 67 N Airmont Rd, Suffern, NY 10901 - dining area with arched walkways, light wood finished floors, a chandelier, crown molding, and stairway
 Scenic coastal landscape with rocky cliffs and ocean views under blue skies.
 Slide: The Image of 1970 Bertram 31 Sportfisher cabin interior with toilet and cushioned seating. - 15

* * *

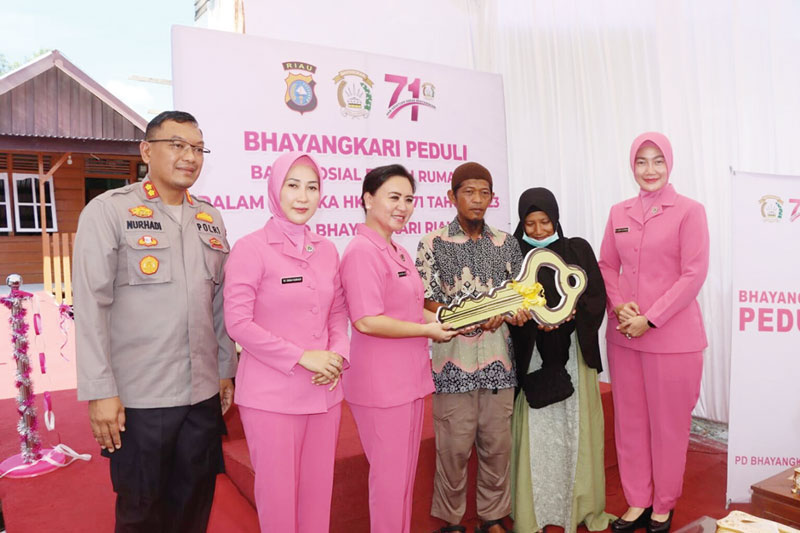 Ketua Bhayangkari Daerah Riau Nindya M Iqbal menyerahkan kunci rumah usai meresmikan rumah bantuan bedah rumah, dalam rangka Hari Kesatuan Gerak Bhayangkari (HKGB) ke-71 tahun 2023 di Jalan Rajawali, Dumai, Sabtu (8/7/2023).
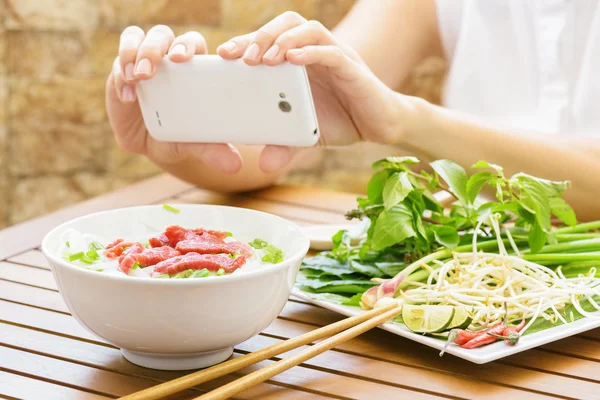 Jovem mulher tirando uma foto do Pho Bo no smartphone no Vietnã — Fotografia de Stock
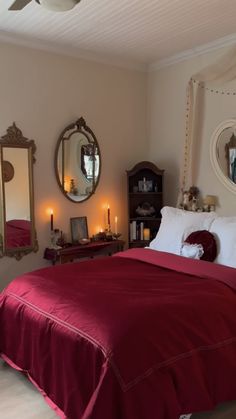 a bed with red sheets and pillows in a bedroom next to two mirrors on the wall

---

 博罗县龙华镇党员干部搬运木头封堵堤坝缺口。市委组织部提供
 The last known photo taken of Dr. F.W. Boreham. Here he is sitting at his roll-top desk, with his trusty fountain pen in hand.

▶ **TASK INSTRUCTIONS**: In the listing above, find the line containing "Scenic coastal landscape" and the line containing "Slide: The Image". Output them and every line between, exactly, and nothing else.

▶ **RESPONSE**:
 Scenic coastal landscape with rocky cliffs and ocean views under blue skies.
 Slide: The Image of 1970 Bertram 31 Sportfisher cabin interior with toilet and cushioned seating. - 15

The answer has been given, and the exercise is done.